> _WHAT IS EXPECTED_:
Below this line is a listing that includes pictures. Copy exactly, and only, the lines from the one containing "Woman wearing stylish" through the one containing "Housewife with little"; the pictures do not go in the copy.

> _DATASET RECORDS_:

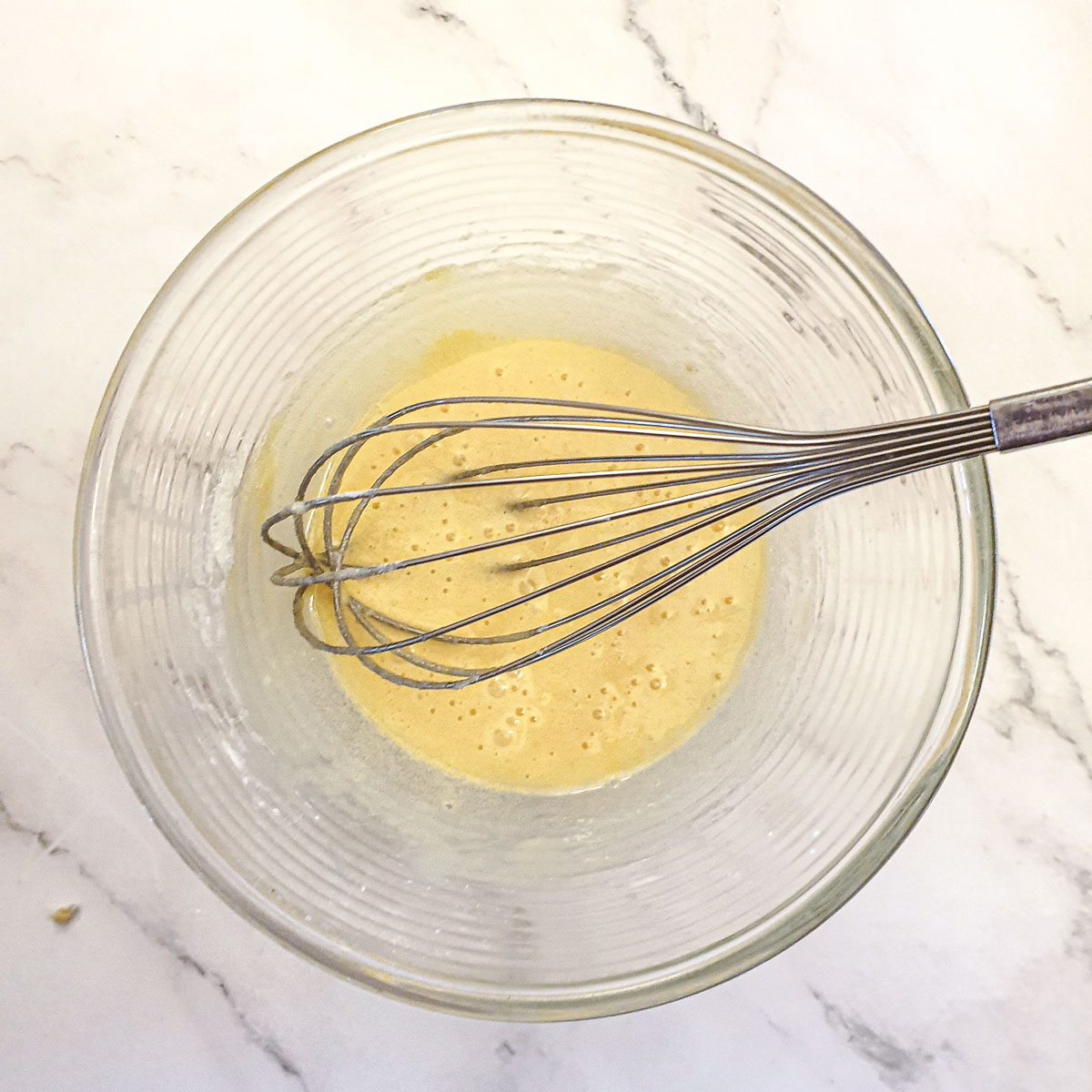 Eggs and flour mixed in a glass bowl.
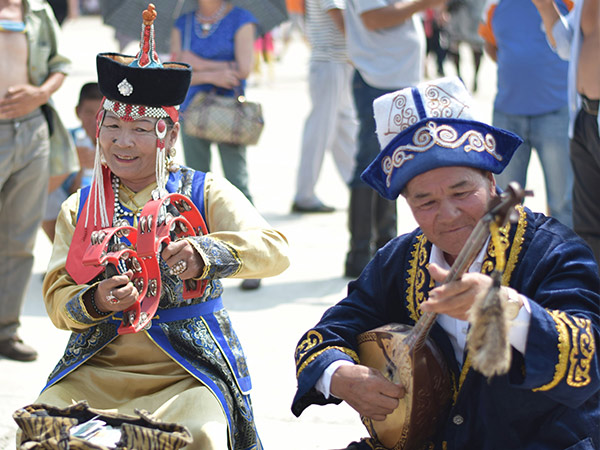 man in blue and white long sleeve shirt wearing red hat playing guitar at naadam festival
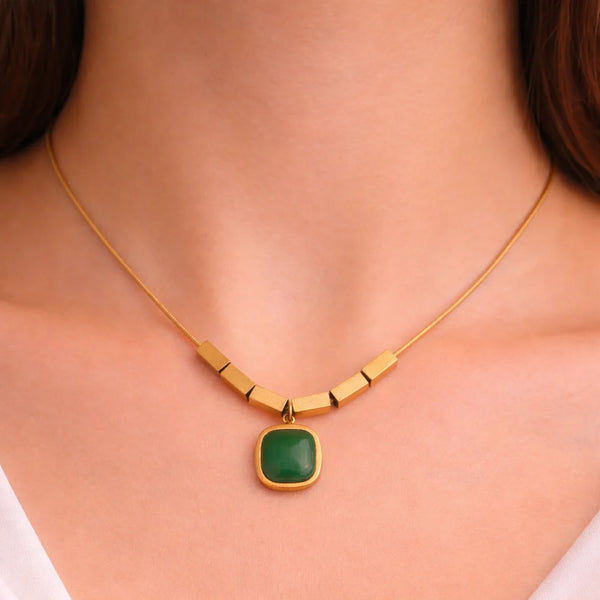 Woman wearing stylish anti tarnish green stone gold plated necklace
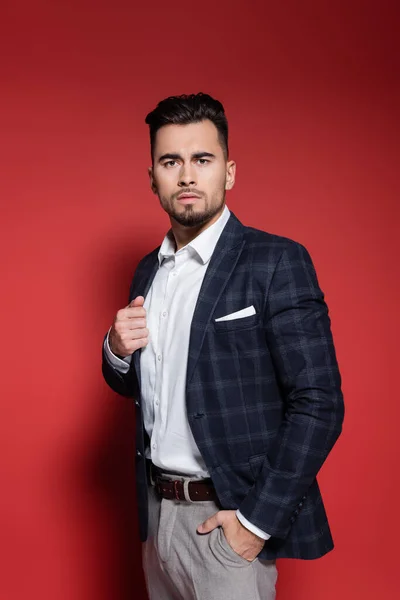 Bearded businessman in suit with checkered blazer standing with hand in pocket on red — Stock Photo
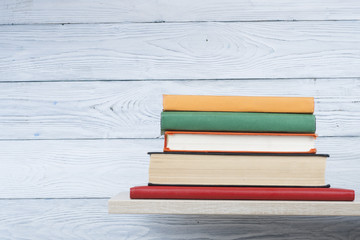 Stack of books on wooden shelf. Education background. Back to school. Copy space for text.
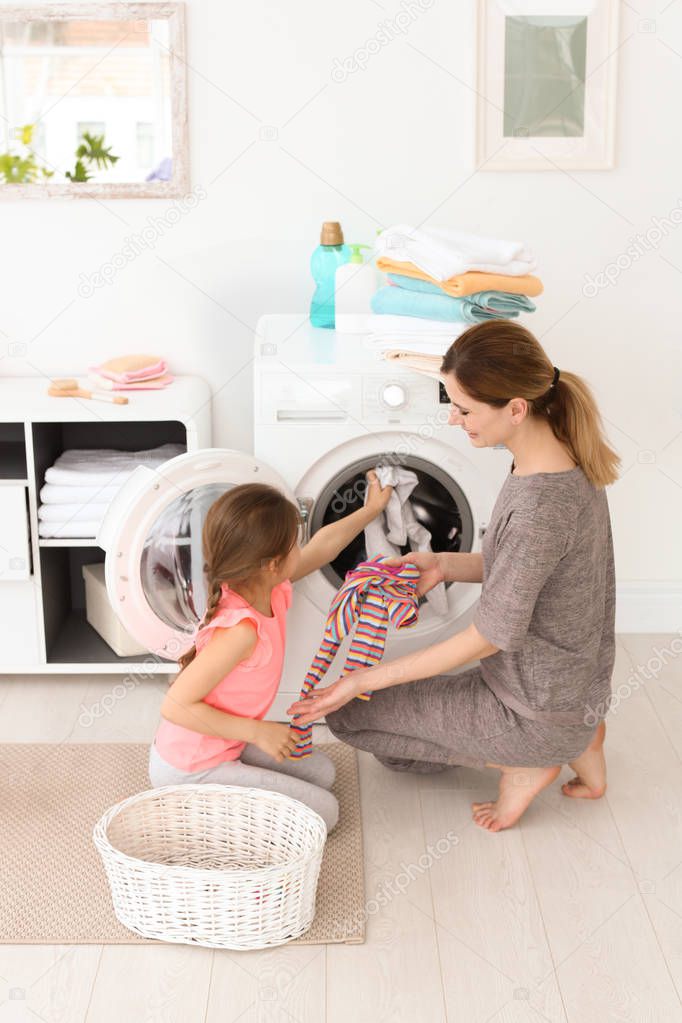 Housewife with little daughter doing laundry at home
...
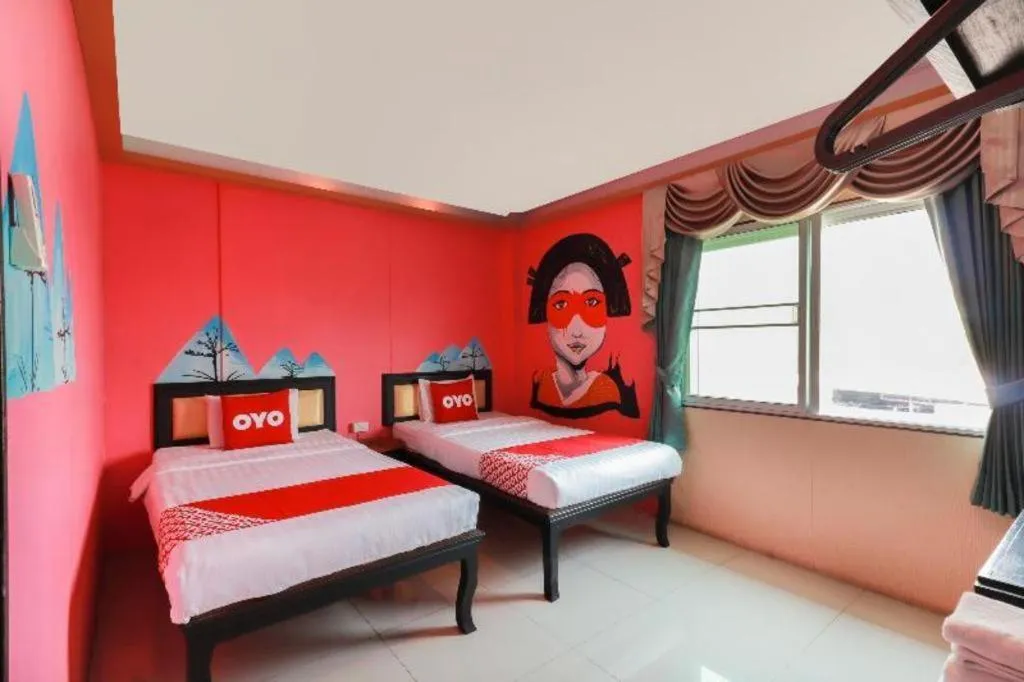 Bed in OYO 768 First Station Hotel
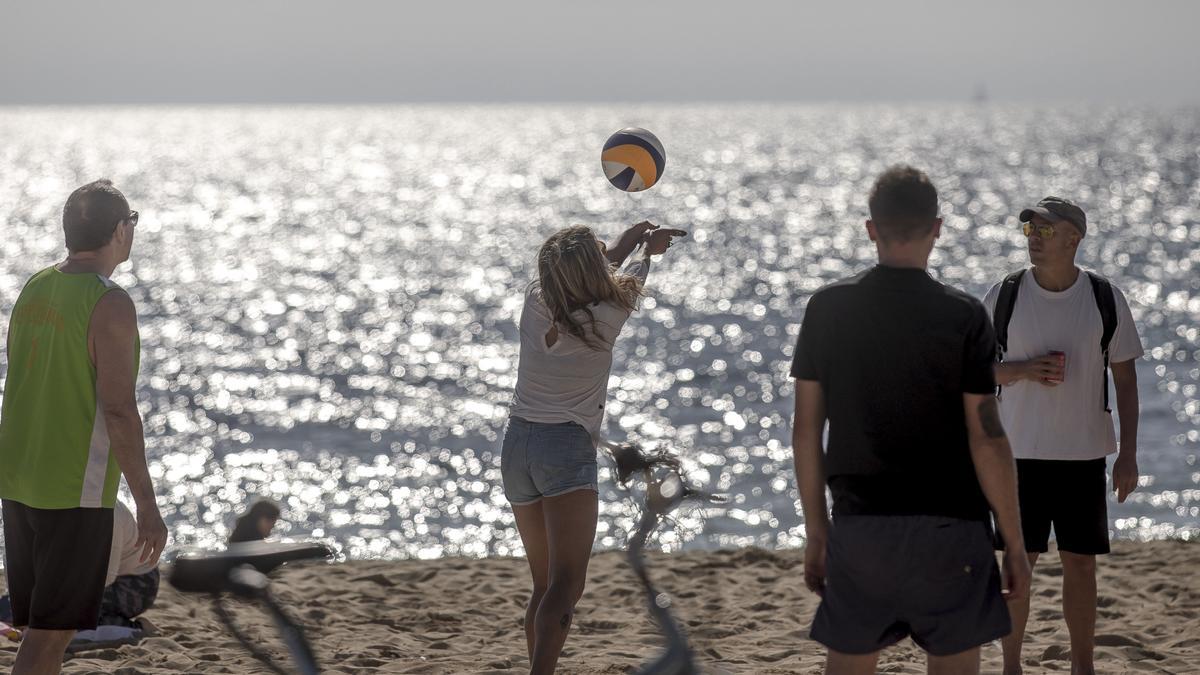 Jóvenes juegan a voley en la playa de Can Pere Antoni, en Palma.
--
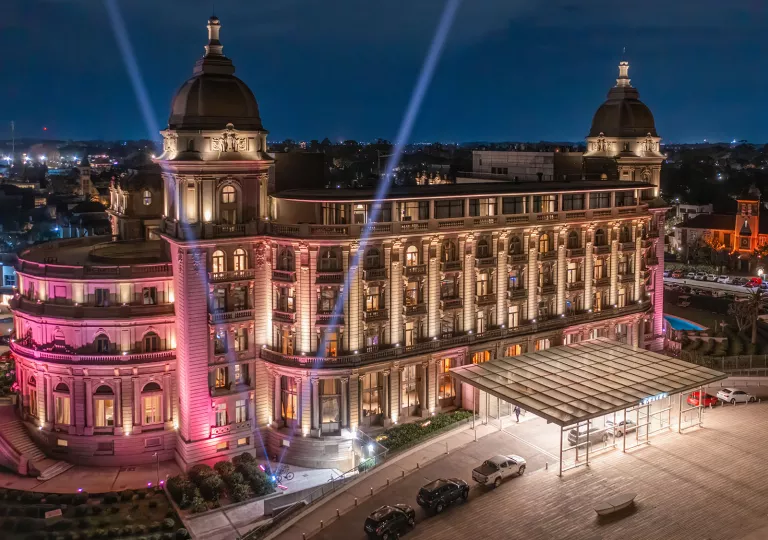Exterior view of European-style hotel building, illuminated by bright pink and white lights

> _RESPONSE TO THIS TASK_:
 Woman wearing stylish anti tarnish green stone gold plated necklace
 Bearded businessman in suit with checkered blazer standing with hand in pocket on red — Stock Photo
 Stack of books on wooden shelf. Education background. Back to school. Copy space for text.
 Housewife with little daughter doing laundry at home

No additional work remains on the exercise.